Dans une atmosphère de tension idéologique entre pro et anti-vaccin inédite en Guadeloupe et en France Hexagonale, la moindre étincelle fait partir un feu général. Et cette étincelle, prend la forme d’une vidéo de 27 secondes dans laquelle Alexandre Rochatte, le préfet de Guadeloupe et Valérie Denux, la directrice de l’ARS, posent les derniers jalons de la communication à adopter dans le cadre de l’annonce d’un troisième confinement sur fond de flambée épidémique. Le préfet veut un ton « grave, catastrophique, mais pas moralisateur. »
La vidéo a fuité quelques heures à peine après la conférence de presse, a été partagée de nombreuses fois sur tous les réseaux sociaux, alimentant la colère des citoyens qui s’opposent à la gestion actuelle de la crise sanitaire. Ils y voient la preuve d’une manipulation de masse devant mener à l’acceptation de la vaccination obligatoire.
Sur Twitter, ceux qui se proclament désormais comme leurs soutiens politiques (essentiellement de l'extrême-droite) se sont empressés de réagir, dénonçant notamment une « politique de la peur » ou encore « communication morbide ».
Incroyable ! Le préfet de Guadeloupe avant la conférence de presse dicte le ton à la directive de l’ARS, ne se sachant pas enregistré : « On adopte un ton grave et catastrophique ! »
— Florian Philippot (@f_philippot) August 3, 2021
La politique de la PEUR ! Indigne ! ⤵️ pic.twitter.com/ZglEsNzApG
#Guadeloupe, le #Préfet règle son show avec la directrice de l'#ARS :
— N. Dupont-Aignan (@dupontaignan) August 3, 2021
« On adopte un ton grave et catastrophique »
La communication morbide des autorités prise en flagrant délit d’indécence.
Cette volonté d’angoisse permanente est la clé de voûte du #populisme étatique ! pic.twitter.com/jjryQDki0n
« J’assume ce que j’ai dit »
Si Alexandre Rochatte précise que cet extrait, enregistré en marge de la conférence de presse, « n’était pas censé être diffusé », il dit tout de même « assumer complètement » ses propos.
« La vérité c’est que la situation est catastrophique et c’est une réalité que nous devons exprimer avec l’ARS. Nous avons atteint trois fois le pic du mois dernier, et si nous continuons sur cette courbe, nous aurons 10 000 cas positifs la semaine prochaine. Je ne sais pas si les gens se rendent compte de l'impact de ces chiffres. »

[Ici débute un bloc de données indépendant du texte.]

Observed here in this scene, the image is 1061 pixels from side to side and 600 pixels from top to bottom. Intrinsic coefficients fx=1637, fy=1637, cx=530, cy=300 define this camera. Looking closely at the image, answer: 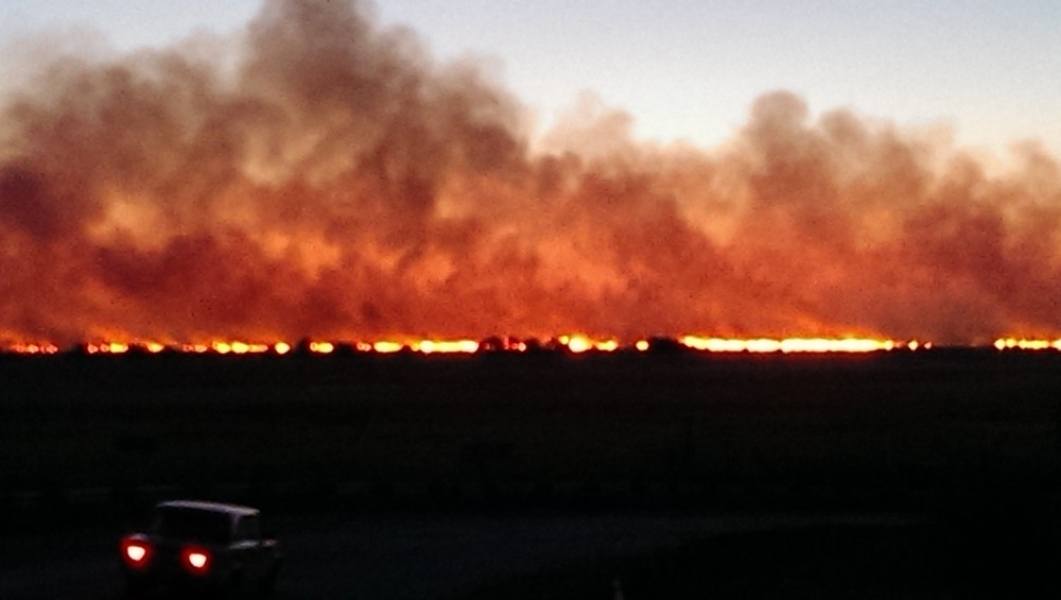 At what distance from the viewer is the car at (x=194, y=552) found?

Loin d’être une hyperbole, l’adjectif « catastrophique » décrierait donc de manière précise la situation sanitaire actuelle du département selon les autorités de santé. Interrogé sur les réactions de ses détracteurs, le préfet se dégage rapidement du débat politique. « Les polémiques politiciennes ne m’intéressent pas. Ce qui m’importe c’est bien la situation sanitaire du département qui est, je le répète, catastrophique. ».
Rupture de communication
Mais cette polémique montre bien à quel point le dialogue entre les autorités et les citoyens est compliqué. À chaque conférence de presse, les décisions et les constats de l'ARS et de la Préfecture sont toujours plus contestés, voire même moqués. Un septicisme que le Préfet a bien entendu remarqué mais auquel il entend répondre par les faits.
« À ceux qui estiment que nous communiquons de faux chiffres, je leur demande d’aller au CHU, ou de se renseigner dans leur entourage. Car sur une île, lorsqu’il y a 3 000 cas par semaine, vous avez forcément parmi vos proches, des personnes positives ou qui ont été cas contact. »

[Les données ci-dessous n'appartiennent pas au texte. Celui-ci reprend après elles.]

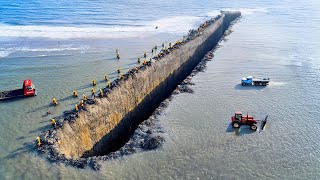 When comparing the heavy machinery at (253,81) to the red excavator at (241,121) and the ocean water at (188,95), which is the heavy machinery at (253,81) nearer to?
the ocean water at (188,95)

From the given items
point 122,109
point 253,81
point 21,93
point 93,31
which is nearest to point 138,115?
point 122,109

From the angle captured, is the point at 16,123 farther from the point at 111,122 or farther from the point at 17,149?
the point at 111,122

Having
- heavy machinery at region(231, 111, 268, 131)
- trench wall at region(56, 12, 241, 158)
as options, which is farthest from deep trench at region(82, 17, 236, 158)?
heavy machinery at region(231, 111, 268, 131)

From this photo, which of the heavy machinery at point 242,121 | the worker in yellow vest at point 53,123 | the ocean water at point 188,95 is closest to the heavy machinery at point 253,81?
the ocean water at point 188,95

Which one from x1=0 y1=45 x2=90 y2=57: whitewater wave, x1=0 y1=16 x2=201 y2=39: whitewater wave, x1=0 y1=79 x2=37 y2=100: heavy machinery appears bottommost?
x1=0 y1=79 x2=37 y2=100: heavy machinery

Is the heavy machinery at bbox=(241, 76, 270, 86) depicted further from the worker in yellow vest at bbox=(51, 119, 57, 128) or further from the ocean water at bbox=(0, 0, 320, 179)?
the worker in yellow vest at bbox=(51, 119, 57, 128)

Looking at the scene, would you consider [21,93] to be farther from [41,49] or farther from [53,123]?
[41,49] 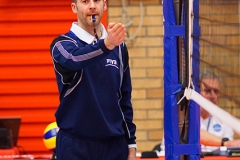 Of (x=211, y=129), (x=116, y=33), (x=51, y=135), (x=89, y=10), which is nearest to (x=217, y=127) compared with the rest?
(x=211, y=129)

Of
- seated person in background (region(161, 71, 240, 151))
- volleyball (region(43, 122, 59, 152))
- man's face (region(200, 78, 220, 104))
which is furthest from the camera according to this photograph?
volleyball (region(43, 122, 59, 152))

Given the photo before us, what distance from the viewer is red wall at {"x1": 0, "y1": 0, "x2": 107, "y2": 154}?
752cm

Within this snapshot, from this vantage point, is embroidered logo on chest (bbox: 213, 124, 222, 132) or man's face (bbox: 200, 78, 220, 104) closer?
man's face (bbox: 200, 78, 220, 104)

Par ailleurs, il continue de défendre sa méthode qui, selon lui, n’est pas aussi décriée que l’on veut bien le croire.
« Je crois qu’il y a une grande partie de la population qui n’écoute pas les informations erronées que l’on voit passer. Je reçois de nombreux messages de soutien vis-à-vis des mesures que nous prenons pour gérer cette crise sanitaire. De plus, je continue à travailler en concertation avec les élus et le monde économique à chaque étape ».
À son arrivée, Alexandre Rochatte a voulu promouvoir une méthode basée sur la discussion et la concertation. Un cap compliqué à garder alors que toutes les décisions prises par les autorités pour tenter de juguler la flambée épidémique, sont vécues, par une partie de la population, comme autant de punitions injustifiées.